Pacte Dutreil : un avantage fiscal trop avantageux
La Cour des comptes et l’Institut des politiques publiques (IPP) ont récemment publié des rapports d’évaluation sur le pacte Dutreil. Bilan : il coûte de plus en plus cher aux finances publiques et son efficacité économique est faible. L’UNSA plaide pour une restriction de ses avantages.
Le pacte Dutreil est une niche fiscale de la fiscalité des successions et donations. Il permet une exonération, sous certaines conditions, de droits de donation ou de succession pour les transmissions de parts ou d’actions de sociétés à concurrence de 75 % de leur valeur.
De plus, en cas de donation en pleine propriété avant 70 ans, ce dispositif peut se cumuler avec une réduction de droits de 50 %, réservée aux transmissions d’entreprises.
Un avantage fiscal très concentré
Le taux maximal d’imposition, qui est de 45 % dans le cas d’une succession ou donation en ligne directe, est ainsi ramené à 11,25 % grâce à l’abattement Dutreil et même à 5,6 % en y ajoutant la réduction de droits.
Le pacte Dutreil est une dépense fiscale très concentrée. 65 % de son coût est imputable à 1 % des donataires et héritiers, soit 110 personnes. L’avantage est de 30 millions en moyenne pour ces derniers contre 500 000 euros pour l’ensemble des transmissions.
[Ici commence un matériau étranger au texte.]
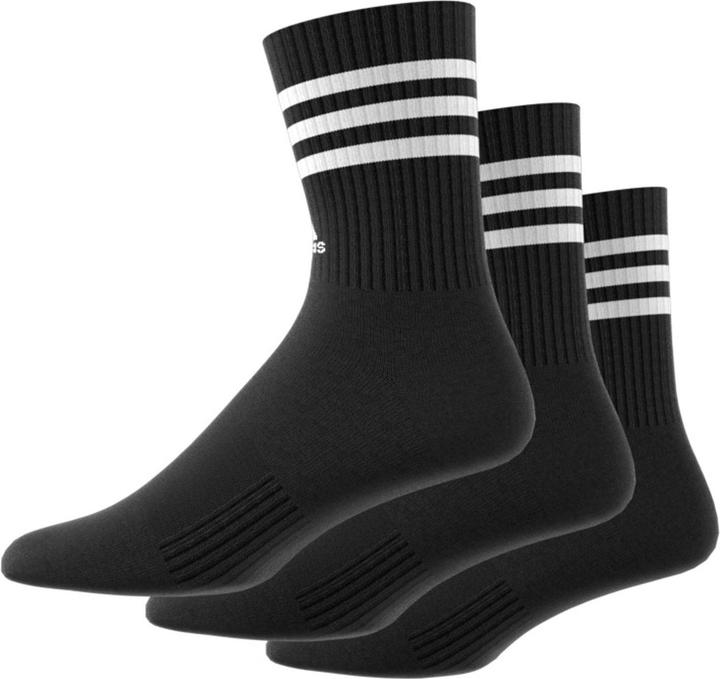 Actual product image adidas 3s C Spw Crw 3p,Black/White Black/White L (L)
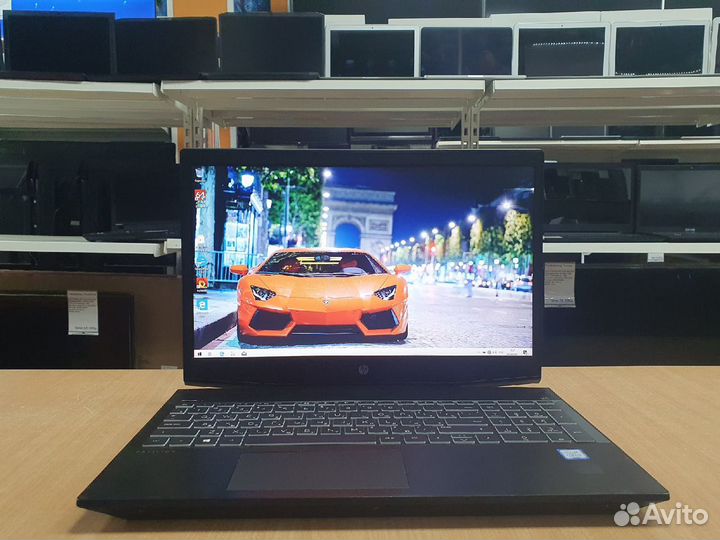 HP/i5 8250/8GB/GTX1050/1000GB/15.6 IPS FHD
Croissance de son utilisation et du coût pour les finances publiques
Le nombre de pactes Dutreil signés a explosé ces dernières années. Près de 2 000 en 2016, ils s’élevaient à plus de 5 000 en 2024.
En parallèle, le coût pour les finances publiques a bondi, passant de plus d’1 milliard d’euros en 2020 à 5,5 milliards en 2024. C’est donc devenu l’une des plus importantes niches fiscales.
Des effets économiques très limités
Les objectifs du pacte Dutreil visent à la pérennité et au développement des entreprises ainsi qu’au soutien de la souveraineté économique de la France. Cependant, hors pacte Dutreil, la prise de contrôle par une entreprise étrangère n’intervient que dans 3 % des cas et ce sont pour la plupart des entreprises européennes.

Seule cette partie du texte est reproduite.